Lost in the Funhouse_ The Life and Mind of Andy Kaufman - Bill Zehme [19]
All of it was pretty much the way it really happened, except the part about the Wamagadoon. But this stuff wasn’t supposed to be completely true, anyway.
Ponpongaba, ponpongaba. Now came the thumping, and with the thumping came the rest of everything. Babatunde Olatunji, enormously tall, draped in dashiki, flamed of fingertips, mystical Nigerian—he appeared like a miracle, unprecendented, without warning, performing for school assembly in the auditorium of Baker Hill Elementary (most unusual booking) in the spring of 1959. It was, maybe, a divine intervention. Virtuoso of West African percussion, first and most famous exporter of such, Olatunji had just made his best-selling debut album, Drums of Passion, for Columbia Records—an awakening sound, all new, deeply ancient—whose liner notes explained inexplicable primitive beliefs: “The drum, like many exotic articles, is charged with evocative power … [it is] not only a musical instrument, [but] also a sacred object … endowed with a mysterious power, a sort of life-force which has been incomprehensible to many missionaries and early travelers, who ordered its suppression by forbidding its use.” And so Olatunji brought his forbidden drums to school that day—drums of hollowed trees and stretched ramskins, congas large and small, over which he leapt and pounced, danced and chanted, beating his rhythms of gangan and dundun and bembe and whatever else they were called. Grades one through six beheld the exhibition, some of whom endured squirmingly, others most certainly rendered agog.

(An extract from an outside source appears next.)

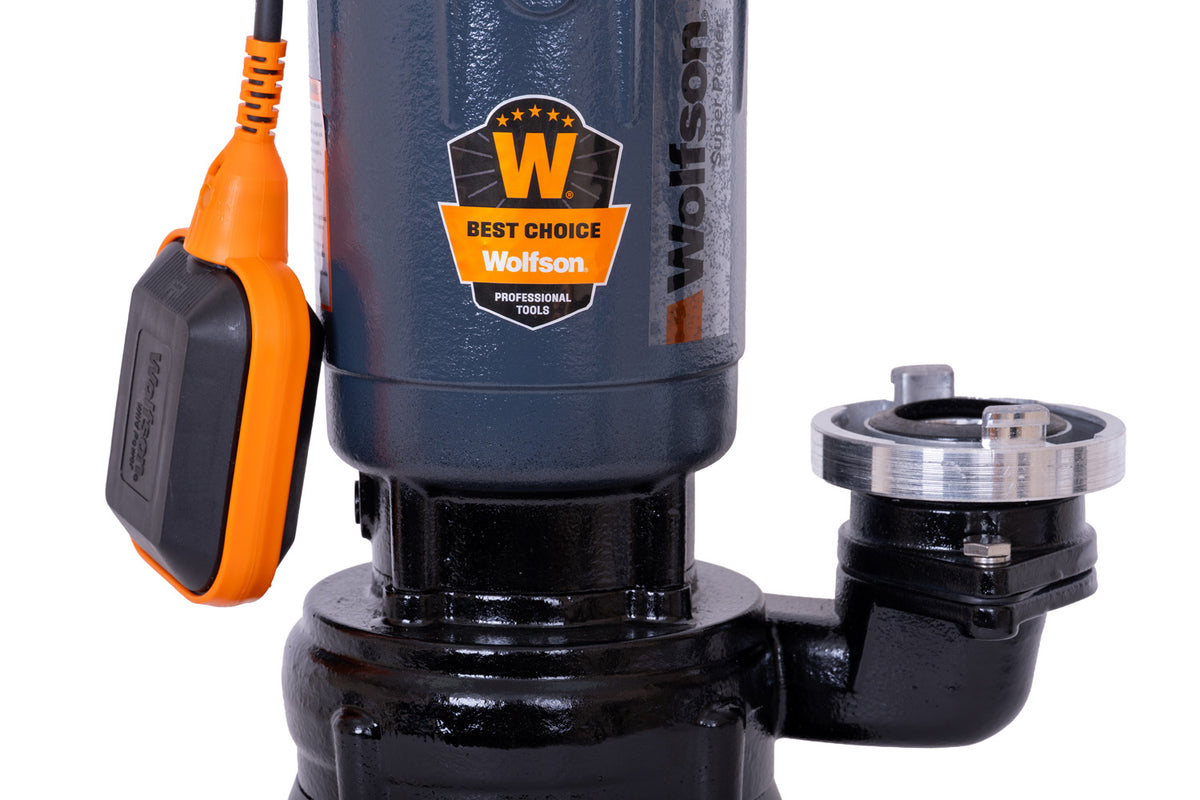 Pompa submersibila apa murdara cu tocator Wolfson TP-3300T, 1500W, 2", 10000 l/h + furtun PVC panzat tip pompieri 2" 20m, 50mm, cuple incluse, 3, atomico.ro
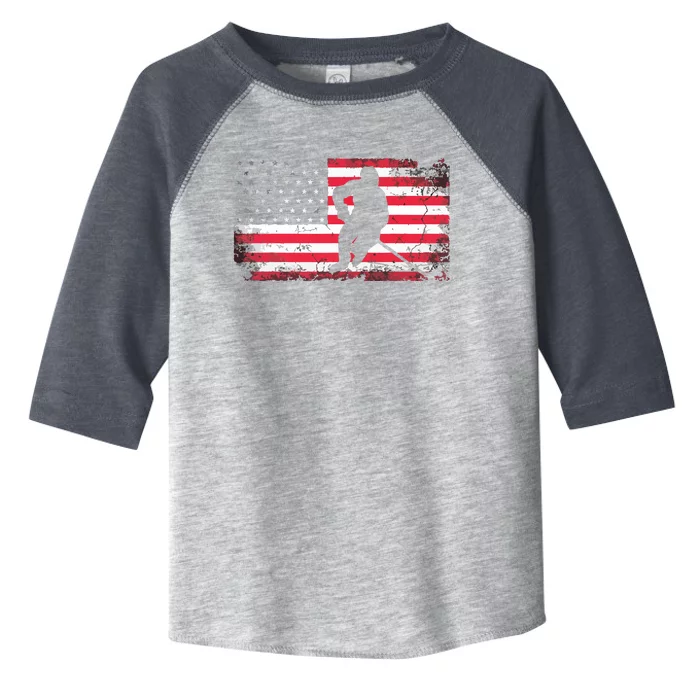 US Flag Patriotic American Hockey Player Ice Hockey Toddler Fine Jersey T-Shirt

One member of the fourth grade, in particular, could not believe his eyes or ears. “That was definitely an epiphany moment,” said Gregg Sutton, a very new friend who would become much more. “I was sitting right next to Andy and we were both completely entranced, mesmerized. If we had been bored for a second, we would have started doing stupid shit. We never even looked at each other—except to say ‘This is pretty great!’ We had never seen a black guy like that. The only black people in Great Neck we had contact with were domestics that worked for our parents and grandparents or else the occasional cab driver. So here all of a sudden was this giant black man with a different vibe—and his music was wild! That’s when Andy probably went, Hey, I could do that!”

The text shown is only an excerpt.